== Provided data ==
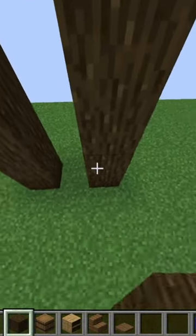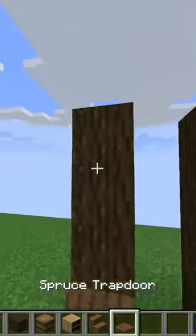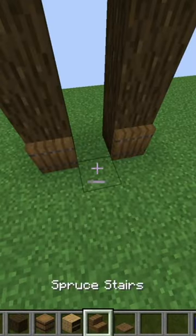I love chiseled bookshelves so much, so I'm making some more bookcases. I'm starting this one by placing four block tall dark oak pillars, one block apart.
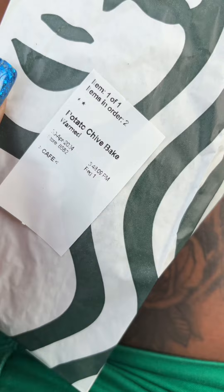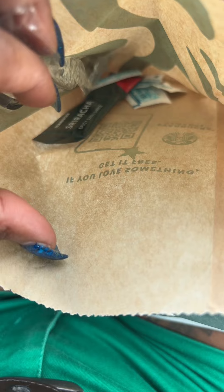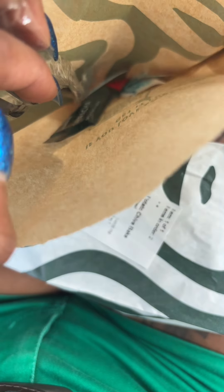All right y'all, so this is my first time ordering the potato chive bites. We got to try them — the girl did recommend salt, and she did put some sriracha in there. So I'm gonna try it without the sriracha first, just with the salt, and then try it with the sriracha. Let's eat.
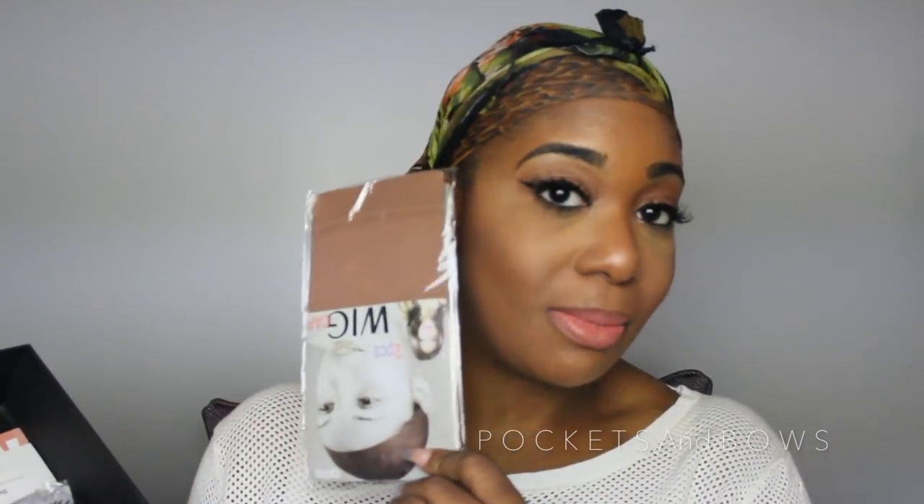You're also going to get wig caps. These wig caps are really good because they do not have those netted holes in them, which I do not like. I've never worn a wig cap under a wig before, but today I may try it just because it seems to be close to my skin tone. You get two of these - they look like medium brown. I'm sure they come according to the lace color that you chose.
===
__Exercise directions__. The result should be the same data as above, line for line, with the pictures gone.

__Solved exercise__.
I love chiseled bookshelves so much, so I'm making some more bookcases. I'm starting this one by placing four block tall dark oak pillars, one block apart.
All right y'all, so this is my first time ordering the potato chive bites. We got to try them — the girl did recommend salt, and she did put some sriracha in there. So I'm gonna try it without the sriracha first, just with the salt, and then try it with the sriracha. Let's eat.
You're also going to get wig caps. These wig caps are really good because they do not have those netted holes in them, which I do not like. I've never worn a wig cap under a wig before, but today I may try it just because it seems to be close to my skin tone. You get two of these - they look like medium brown. I'm sure they come according to the lace color that you chose.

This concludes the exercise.